File No. 812.00/447.
American Embassy,
Mexico, November 16,
1910.
No. 249.
[Inclosure—Memorandum—Extract.]
To-day at noon I called upon the President for the purpose of
conferring with him upon the recent anti-American disturbances
throughout the country. * * * He immediately opened the question by
saying that he felt confident that the agitation had been brought
about by persons antagonistic to the Government; that the students
had been used as a tool to discredit the Government and that the
crime committed in Rock Springs, Tex., had served as a pretext to
arouse the young men into unlawful action. He said that this belief
of his was corroborated by the discovery made yesterday by the
police, to the effect that a certain commercial house had sold to an
enemy of the Government something like 100 rifles; * * * that a
thorough search having been made in the house of the purchaser, the
police discovered in his possession three appointments, signed by
Francisco Madero, as President ad interim and
Commander of the Revolutionary Army of Mexico, in favor of men known
to be adverse to the Government.
The President also informed me that he had received information by
wire that the consul at San Antonio, Tex., had complained to the
American authorities about the purchase made by the followers of
Madero of a certain number of arms, which soon after this complaint
were seized by said authorities. He considers this act as a breach
of the laws of neutrality and would much appreciate such energetic
action as the American Government may take to stop this unlawful
practice of men who seek refuge in the United States for no other
purpose than to conduct a relentless revolutionary campaign against
the Government of a friendly nation. The President said that he had
always looked with satisfaction upon the friendly relations of
Mexico and the United States, and that there is nothing he will not
do to bring the countries to a still closer understanding.
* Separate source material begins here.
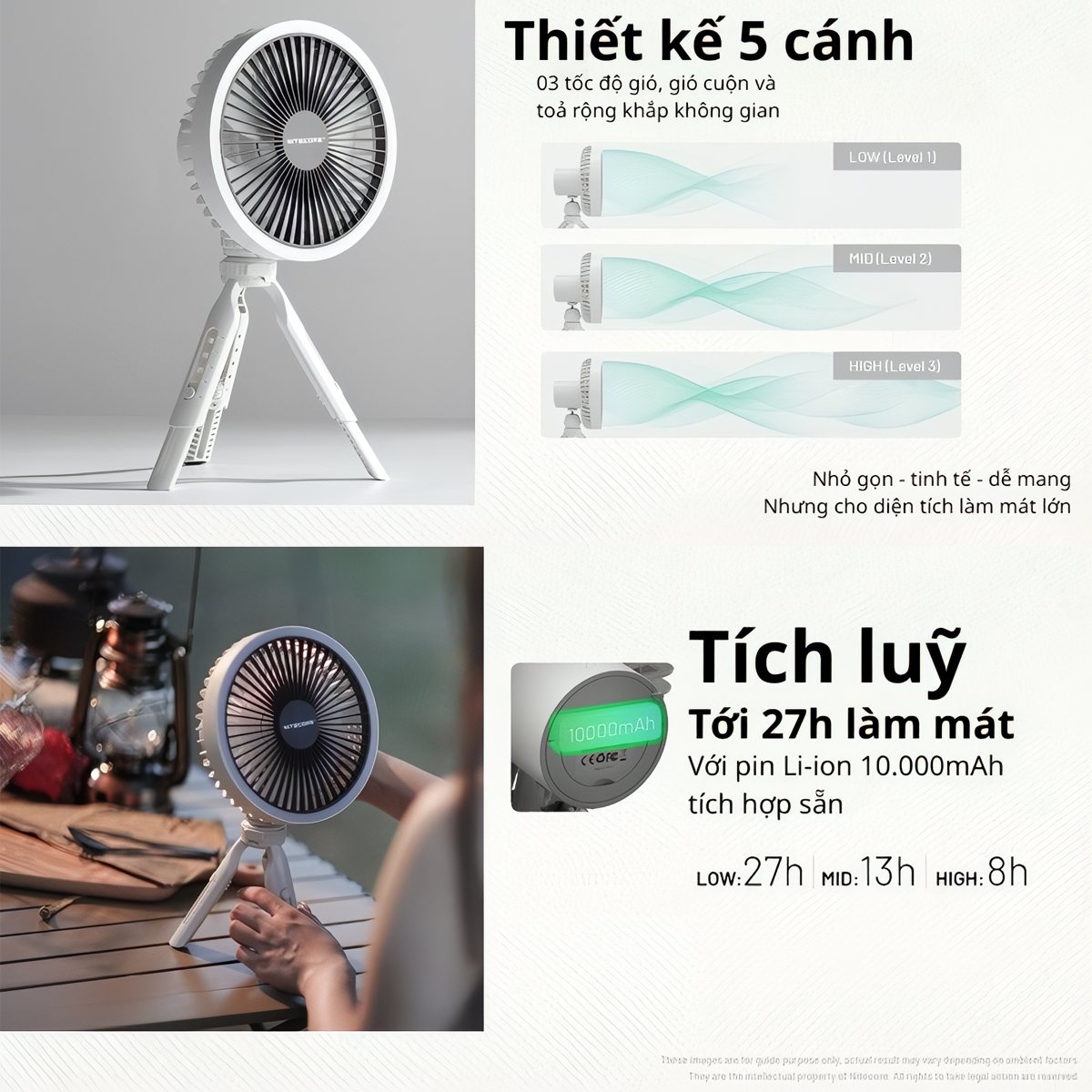 Nitecore Quạt Đa Năng Tích Hợp Đèn Cắm Trại NEF10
He said that he had given the press strict orders to stop any further
comments on the anti-American demonstrations, and that one of the
journals which had disobeyed these instructions, namely, El Debate,
had been suppressed. I asked him why it was, then, that the more
serious journals did not come right out in terms and denounce the
so-called anti-American movement as a disturbance caused for
political motives and not because of the lynching of a man in Texas.
He said that such papers as the Government could control would do so
in a day or two.
He said that the evidence relating to the revolutionary campaign
conducted by Madero and Flores Magón had been sent to Ambassador de
la Barra, in Washington, but that he would much appreciate it if I
would also bring these facts to the attention of the Department,
which I, of course, promised him that I would do.